[Start of Attachment]

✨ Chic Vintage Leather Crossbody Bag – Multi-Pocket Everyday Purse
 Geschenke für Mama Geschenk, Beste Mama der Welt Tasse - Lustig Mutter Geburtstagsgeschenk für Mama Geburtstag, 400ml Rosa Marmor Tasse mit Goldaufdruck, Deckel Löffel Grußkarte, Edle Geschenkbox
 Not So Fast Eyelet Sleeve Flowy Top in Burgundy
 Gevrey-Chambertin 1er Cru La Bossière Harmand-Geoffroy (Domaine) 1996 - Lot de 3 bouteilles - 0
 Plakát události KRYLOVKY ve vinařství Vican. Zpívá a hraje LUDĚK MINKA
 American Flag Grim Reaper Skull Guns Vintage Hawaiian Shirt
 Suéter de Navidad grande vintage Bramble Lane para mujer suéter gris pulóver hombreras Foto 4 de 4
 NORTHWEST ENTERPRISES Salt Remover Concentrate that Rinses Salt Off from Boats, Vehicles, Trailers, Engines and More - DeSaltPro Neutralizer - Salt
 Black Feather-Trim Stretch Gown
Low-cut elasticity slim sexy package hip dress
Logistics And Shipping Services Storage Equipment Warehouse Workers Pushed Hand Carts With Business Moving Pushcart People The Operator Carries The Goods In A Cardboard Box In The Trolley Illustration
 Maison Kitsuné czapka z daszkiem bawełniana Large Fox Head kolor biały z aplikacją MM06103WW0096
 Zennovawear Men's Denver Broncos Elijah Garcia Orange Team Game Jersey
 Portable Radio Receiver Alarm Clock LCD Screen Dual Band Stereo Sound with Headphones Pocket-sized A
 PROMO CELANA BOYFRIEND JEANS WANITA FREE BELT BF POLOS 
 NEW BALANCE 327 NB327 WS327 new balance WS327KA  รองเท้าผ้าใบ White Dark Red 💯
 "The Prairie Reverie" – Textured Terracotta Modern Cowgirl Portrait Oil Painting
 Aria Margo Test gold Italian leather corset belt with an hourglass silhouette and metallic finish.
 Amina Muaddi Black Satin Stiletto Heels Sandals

[End of Attachment]

Task details: A verbatim copy of the lines from the one with "Low-cut elasticity slim" to the end of the listing is the whole answer.

Written response:
Low-cut elasticity slim sexy package hip dress
Logistics And Shipping Services Storage Equipment Warehouse Workers Pushed Hand Carts With Business Moving Pushcart People The Operator Carries The Goods In A Cardboard Box In The Trolley Illustration
 Maison Kitsuné czapka z daszkiem bawełniana Large Fox Head kolor biały z aplikacją MM06103WW0096
 Zennovawear Men's Denver Broncos Elijah Garcia Orange Team Game Jersey
 Portable Radio Receiver Alarm Clock LCD Screen Dual Band Stereo Sound with Headphones Pocket-sized A
 PROMO CELANA BOYFRIEND JEANS WANITA FREE BELT BF POLOS 
 NEW BALANCE 327 NB327 WS327 new balance WS327KA  รองเท้าผ้าใบ White Dark Red 💯
 "The Prairie Reverie" – Textured Terracotta Modern Cowgirl Portrait Oil Painting
 Aria Margo Test gold Italian leather corset belt with an hourglass silhouette and metallic finish.
 Amina Muaddi Black Satin Stiletto Heels Sandals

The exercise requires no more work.